## Exercise goal
When a line in the listing contains the string "Black", pick it out and copy it.

## Exercise data
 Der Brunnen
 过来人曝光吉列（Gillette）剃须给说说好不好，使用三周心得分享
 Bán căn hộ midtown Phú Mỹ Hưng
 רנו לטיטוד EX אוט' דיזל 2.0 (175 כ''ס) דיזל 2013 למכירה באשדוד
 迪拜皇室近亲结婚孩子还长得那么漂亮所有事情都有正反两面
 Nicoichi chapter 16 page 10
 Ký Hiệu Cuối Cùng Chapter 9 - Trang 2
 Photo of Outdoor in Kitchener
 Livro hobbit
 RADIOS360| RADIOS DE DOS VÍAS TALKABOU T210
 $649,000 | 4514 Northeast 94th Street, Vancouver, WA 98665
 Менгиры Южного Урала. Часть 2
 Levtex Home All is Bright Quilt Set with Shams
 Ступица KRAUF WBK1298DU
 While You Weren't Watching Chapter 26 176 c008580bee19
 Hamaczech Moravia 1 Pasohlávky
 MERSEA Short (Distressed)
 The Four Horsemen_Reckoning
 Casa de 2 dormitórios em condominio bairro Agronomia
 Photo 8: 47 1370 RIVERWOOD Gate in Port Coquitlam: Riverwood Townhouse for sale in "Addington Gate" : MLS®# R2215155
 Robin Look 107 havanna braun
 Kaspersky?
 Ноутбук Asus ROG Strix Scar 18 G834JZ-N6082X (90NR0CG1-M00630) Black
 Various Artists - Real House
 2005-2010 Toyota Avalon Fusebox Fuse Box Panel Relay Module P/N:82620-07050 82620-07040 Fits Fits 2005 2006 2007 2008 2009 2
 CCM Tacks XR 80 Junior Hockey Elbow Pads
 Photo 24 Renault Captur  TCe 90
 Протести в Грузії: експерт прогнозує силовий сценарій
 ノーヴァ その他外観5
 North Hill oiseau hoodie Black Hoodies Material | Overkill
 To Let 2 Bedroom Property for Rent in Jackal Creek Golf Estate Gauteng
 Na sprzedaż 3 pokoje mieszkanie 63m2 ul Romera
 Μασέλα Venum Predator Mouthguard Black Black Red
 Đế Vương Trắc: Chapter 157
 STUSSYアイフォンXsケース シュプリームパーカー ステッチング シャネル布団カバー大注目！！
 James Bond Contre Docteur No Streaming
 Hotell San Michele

## Task output
 Ноутбук Asus ROG Strix Scar 18 G834JZ-N6082X (90NR0CG1-M00630) Black
 North Hill oiseau hoodie Black Hoodies Material | Overkill
 Μασέλα Venum Predator Mouthguard Black Black Red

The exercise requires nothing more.